Each record should be copied exactly, and none of them omitted.
---- Data records
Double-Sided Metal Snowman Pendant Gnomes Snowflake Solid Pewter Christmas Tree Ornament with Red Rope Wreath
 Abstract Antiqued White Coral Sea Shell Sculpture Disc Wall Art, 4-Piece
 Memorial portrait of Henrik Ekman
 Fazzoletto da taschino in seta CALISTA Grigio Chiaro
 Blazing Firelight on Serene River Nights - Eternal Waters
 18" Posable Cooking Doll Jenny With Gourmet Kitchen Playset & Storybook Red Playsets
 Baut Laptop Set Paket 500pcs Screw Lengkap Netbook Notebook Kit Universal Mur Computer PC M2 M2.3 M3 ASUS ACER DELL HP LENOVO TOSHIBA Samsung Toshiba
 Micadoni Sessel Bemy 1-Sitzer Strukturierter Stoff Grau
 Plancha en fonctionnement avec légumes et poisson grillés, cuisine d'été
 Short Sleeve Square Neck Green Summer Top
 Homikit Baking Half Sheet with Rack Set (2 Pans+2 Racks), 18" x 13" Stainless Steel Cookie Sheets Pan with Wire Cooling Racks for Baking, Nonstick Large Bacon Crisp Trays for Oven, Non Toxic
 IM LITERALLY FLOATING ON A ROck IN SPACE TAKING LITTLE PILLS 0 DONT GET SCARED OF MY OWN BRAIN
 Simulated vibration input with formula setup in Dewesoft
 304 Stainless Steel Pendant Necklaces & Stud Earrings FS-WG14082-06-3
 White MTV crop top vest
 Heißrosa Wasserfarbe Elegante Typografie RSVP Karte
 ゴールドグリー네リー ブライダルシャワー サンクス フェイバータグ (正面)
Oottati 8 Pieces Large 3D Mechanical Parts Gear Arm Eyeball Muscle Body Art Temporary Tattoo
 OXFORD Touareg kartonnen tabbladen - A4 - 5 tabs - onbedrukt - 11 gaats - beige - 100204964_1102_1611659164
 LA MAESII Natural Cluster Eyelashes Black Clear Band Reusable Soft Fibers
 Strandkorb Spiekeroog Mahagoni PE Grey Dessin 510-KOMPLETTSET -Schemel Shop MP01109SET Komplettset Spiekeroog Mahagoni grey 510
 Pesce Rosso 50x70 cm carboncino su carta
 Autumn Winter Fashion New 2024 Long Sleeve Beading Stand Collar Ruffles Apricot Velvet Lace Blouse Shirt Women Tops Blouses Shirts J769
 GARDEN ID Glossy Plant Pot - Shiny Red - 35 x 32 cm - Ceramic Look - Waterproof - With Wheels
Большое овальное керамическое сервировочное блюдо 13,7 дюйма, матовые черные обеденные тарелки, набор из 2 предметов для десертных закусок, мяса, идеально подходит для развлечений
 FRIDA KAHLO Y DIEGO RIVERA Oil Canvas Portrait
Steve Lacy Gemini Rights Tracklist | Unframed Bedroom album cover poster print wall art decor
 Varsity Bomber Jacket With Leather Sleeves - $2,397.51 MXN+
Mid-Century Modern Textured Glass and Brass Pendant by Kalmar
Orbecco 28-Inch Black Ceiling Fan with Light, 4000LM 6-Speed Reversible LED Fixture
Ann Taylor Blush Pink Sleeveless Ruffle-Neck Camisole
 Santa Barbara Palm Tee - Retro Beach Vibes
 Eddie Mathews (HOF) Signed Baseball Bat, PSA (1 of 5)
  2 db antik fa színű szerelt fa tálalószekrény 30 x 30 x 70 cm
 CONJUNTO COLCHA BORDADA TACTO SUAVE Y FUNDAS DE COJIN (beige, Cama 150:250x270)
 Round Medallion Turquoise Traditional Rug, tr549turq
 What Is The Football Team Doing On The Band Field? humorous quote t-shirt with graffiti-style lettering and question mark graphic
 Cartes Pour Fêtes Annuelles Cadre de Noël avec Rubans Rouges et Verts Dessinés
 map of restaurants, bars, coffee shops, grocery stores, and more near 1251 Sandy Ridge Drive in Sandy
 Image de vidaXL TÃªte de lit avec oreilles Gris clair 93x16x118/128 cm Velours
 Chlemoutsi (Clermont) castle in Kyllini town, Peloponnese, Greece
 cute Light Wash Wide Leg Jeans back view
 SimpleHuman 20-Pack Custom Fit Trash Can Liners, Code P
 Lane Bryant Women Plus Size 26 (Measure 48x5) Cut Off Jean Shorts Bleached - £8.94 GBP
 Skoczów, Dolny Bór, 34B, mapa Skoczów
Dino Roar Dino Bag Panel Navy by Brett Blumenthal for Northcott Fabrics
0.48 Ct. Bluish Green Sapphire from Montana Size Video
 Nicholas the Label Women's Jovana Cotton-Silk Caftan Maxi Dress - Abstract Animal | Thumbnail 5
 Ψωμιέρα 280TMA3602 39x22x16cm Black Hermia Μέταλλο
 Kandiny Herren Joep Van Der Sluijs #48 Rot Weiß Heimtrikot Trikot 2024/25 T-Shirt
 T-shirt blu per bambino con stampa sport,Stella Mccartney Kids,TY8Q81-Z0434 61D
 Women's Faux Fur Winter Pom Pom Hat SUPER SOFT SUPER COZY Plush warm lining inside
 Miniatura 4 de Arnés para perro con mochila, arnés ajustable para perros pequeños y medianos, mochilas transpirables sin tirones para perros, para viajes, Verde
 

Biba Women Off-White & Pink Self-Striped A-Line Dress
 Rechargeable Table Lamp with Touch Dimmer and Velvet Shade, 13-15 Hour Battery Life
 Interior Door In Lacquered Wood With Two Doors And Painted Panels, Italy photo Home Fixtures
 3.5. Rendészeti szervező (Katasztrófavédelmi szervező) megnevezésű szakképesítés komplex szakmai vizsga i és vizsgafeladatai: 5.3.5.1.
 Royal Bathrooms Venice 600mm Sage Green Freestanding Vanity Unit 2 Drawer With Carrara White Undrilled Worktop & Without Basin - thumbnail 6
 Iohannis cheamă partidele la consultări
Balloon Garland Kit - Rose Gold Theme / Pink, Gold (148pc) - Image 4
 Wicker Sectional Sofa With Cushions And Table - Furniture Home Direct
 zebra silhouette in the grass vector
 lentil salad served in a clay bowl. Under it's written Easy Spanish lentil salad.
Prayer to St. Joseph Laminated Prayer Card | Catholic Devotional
--------
▶ Final answer:
Double-Sided Metal Snowman Pendant Gnomes Snowflake Solid Pewter Christmas Tree Ornament with Red Rope Wreath
 Abstract Antiqued White Coral Sea Shell Sculpture Disc Wall Art, 4-Piece
 Memorial portrait of Henrik Ekman
 Fazzoletto da taschino in seta CALISTA Grigio Chiaro
 Blazing Firelight on Serene River Nights - Eternal Waters
 18" Posable Cooking Doll Jenny With Gourmet Kitchen Playset & Storybook Red Playsets
 Baut Laptop Set Paket 500pcs Screw Lengkap Netbook Notebook Kit Universal Mur Computer PC M2 M2.3 M3 ASUS ACER DELL HP LENOVO TOSHIBA Samsung Toshiba
 Micadoni Sessel Bemy 1-Sitzer Strukturierter Stoff Grau
 Plancha en fonctionnement avec légumes et poisson grillés, cuisine d'été
 Short Sleeve Square Neck Green Summer Top
 Homikit Baking Half Sheet with Rack Set (2 Pans+2 Racks), 18" x 13" Stainless Steel Cookie Sheets Pan with Wire Cooling Racks for Baking, Nonstick Large Bacon Crisp Trays for Oven, Non Toxic
 IM LITERALLY FLOATING ON A ROck IN SPACE TAKING LITTLE PILLS 0 DONT GET SCARED OF MY OWN BRAIN
 Simulated vibration input with formula setup in Dewesoft
 304 Stainless Steel Pendant Necklaces & Stud Earrings FS-WG14082-06-3
 White MTV crop top vest
 Heißrosa Wasserfarbe Elegante Typografie RSVP Karte
 ゴールドグリー네リー ブライダルシャワー サンクス フェイバータグ (正面)
Oottati 8 Pieces Large 3D Mechanical Parts Gear Arm Eyeball Muscle Body Art Temporary Tattoo
 OXFORD Touareg kartonnen tabbladen - A4 - 5 tabs - onbedrukt - 11 gaats - beige - 100204964_1102_1611659164
 LA MAESII Natural Cluster Eyelashes Black Clear Band Reusable Soft Fibers
 Strandkorb Spiekeroog Mahagoni PE Grey Dessin 510-KOMPLETTSET -Schemel Shop MP01109SET Komplettset Spiekeroog Mahagoni grey 510
 Pesce Rosso 50x70 cm carboncino su carta
 Autumn Winter Fashion New 2024 Long Sleeve Beading Stand Collar Ruffles Apricot Velvet Lace Blouse Shirt Women Tops Blouses Shirts J769
 GARDEN ID Glossy Plant Pot - Shiny Red - 35 x 32 cm - Ceramic Look - Waterproof - With Wheels
Большое овальное керамическое сервировочное блюдо 13,7 дюйма, матовые черные обеденные тарелки, набор из 2 предметов для десертных закусок, мяса, идеально подходит для развлечений
 FRIDA KAHLO Y DIEGO RIVERA Oil Canvas Portrait
Steve Lacy Gemini Rights Tracklist | Unframed Bedroom album cover poster print wall art decor
 Varsity Bomber Jacket With Leather Sleeves - $2,397.51 MXN+
Mid-Century Modern Textured Glass and Brass Pendant by Kalmar
Orbecco 28-Inch Black Ceiling Fan with Light, 4000LM 6-Speed Reversible LED Fixture
Ann Taylor Blush Pink Sleeveless Ruffle-Neck Camisole
 Santa Barbara Palm Tee - Retro Beach Vibes
 Eddie Mathews (HOF) Signed Baseball Bat, PSA (1 of 5)
  2 db antik fa színű szerelt fa tálalószekrény 30 x 30 x 70 cm
 CONJUNTO COLCHA BORDADA TACTO SUAVE Y FUNDAS DE COJIN (beige, Cama 150:250x270)
 Round Medallion Turquoise Traditional Rug, tr549turq
 What Is The Football Team Doing On The Band Field? humorous quote t-shirt with graffiti-style lettering and question mark graphic
 Cartes Pour Fêtes Annuelles Cadre de Noël avec Rubans Rouges et Verts Dessinés
 map of restaurants, bars, coffee shops, grocery stores, and more near 1251 Sandy Ridge Drive in Sandy
 Image de vidaXL TÃªte de lit avec oreilles Gris clair 93x16x118/128 cm Velours
 Chlemoutsi (Clermont) castle in Kyllini town, Peloponnese, Greece
 cute Light Wash Wide Leg Jeans back view
 SimpleHuman 20-Pack Custom Fit Trash Can Liners, Code P
 Lane Bryant Women Plus Size 26 (Measure 48x5) Cut Off Jean Shorts Bleached - £8.94 GBP
 Skoczów, Dolny Bór, 34B, mapa Skoczów
Dino Roar Dino Bag Panel Navy by Brett Blumenthal for Northcott Fabrics
0.48 Ct. Bluish Green Sapphire from Montana Size Video
 Nicholas the Label Women's Jovana Cotton-Silk Caftan Maxi Dress - Abstract Animal | Thumbnail 5
 Ψωμιέρα 280TMA3602 39x22x16cm Black Hermia Μέταλλο
 Kandiny Herren Joep Van Der Sluijs #48 Rot Weiß Heimtrikot Trikot 2024/25 T-Shirt
 T-shirt blu per bambino con stampa sport,Stella Mccartney Kids,TY8Q81-Z0434 61D
 Women's Faux Fur Winter Pom Pom Hat SUPER SOFT SUPER COZY Plush warm lining inside
 Miniatura 4 de Arnés para perro con mochila, arnés ajustable para perros pequeños y medianos, mochilas transpirables sin tirones para perros, para viajes, Verde
 

Biba Women Off-White & Pink Self-Striped A-Line Dress
 Rechargeable Table Lamp with Touch Dimmer and Velvet Shade, 13-15 Hour Battery Life
 Interior Door In Lacquered Wood With Two Doors And Painted Panels, Italy photo Home Fixtures
 3.5. Rendészeti szervező (Katasztrófavédelmi szervező) megnevezésű szakképesítés komplex szakmai vizsga i és vizsgafeladatai: 5.3.5.1.
 Royal Bathrooms Venice 600mm Sage Green Freestanding Vanity Unit 2 Drawer With Carrara White Undrilled Worktop & Without Basin - thumbnail 6
 Iohannis cheamă partidele la consultări
Balloon Garland Kit - Rose Gold Theme / Pink, Gold (148pc) - Image 4
 Wicker Sectional Sofa With Cushions And Table - Furniture Home Direct
 zebra silhouette in the grass vector
 lentil salad served in a clay bowl. Under it's written Easy Spanish lentil salad.
Prayer to St. Joseph Laminated Prayer Card | Catholic Devotional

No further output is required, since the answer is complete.